▸ Task item
Nothing outside the range below should be printed. Output exactly the lines from the line with "2010s Texas Christian" to the line with "Set veselă 24", both included.

▸ Available data
┌────────

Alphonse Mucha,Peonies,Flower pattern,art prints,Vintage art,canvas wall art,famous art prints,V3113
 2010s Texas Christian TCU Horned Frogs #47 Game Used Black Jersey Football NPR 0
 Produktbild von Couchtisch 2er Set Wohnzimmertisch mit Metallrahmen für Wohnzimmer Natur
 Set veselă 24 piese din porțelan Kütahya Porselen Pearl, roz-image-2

└────────
┌────────

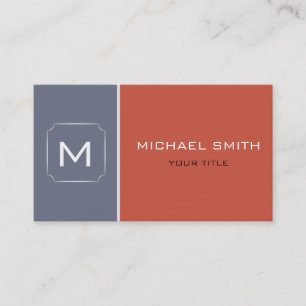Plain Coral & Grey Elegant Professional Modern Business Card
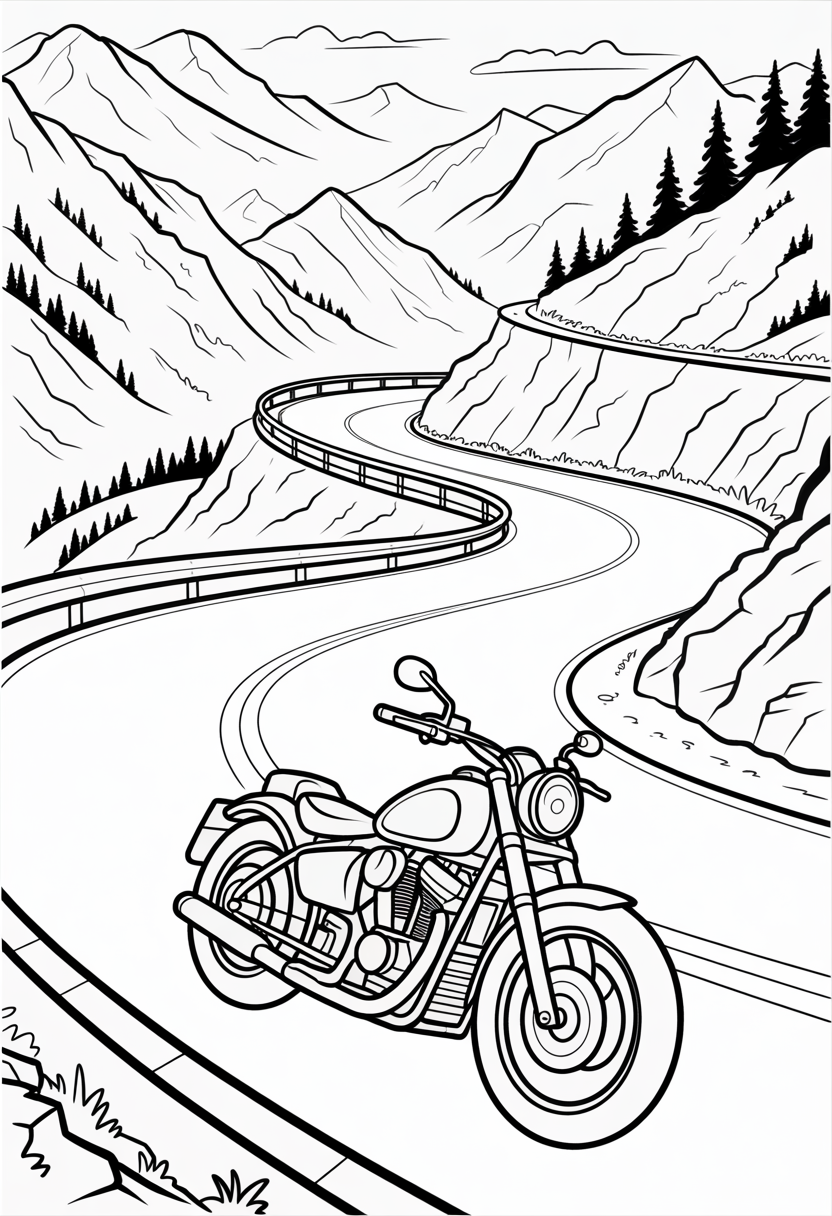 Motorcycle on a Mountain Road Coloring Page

└────────

▸ Response to the task
 2010s Texas Christian TCU Horned Frogs #47 Game Used Black Jersey Football NPR 0
 Produktbild von Couchtisch 2er Set Wohnzimmertisch mit Metallrahmen für Wohnzimmer Natur
 Set veselă 24 piese din porțelan Kütahya Porselen Pearl, roz-image-2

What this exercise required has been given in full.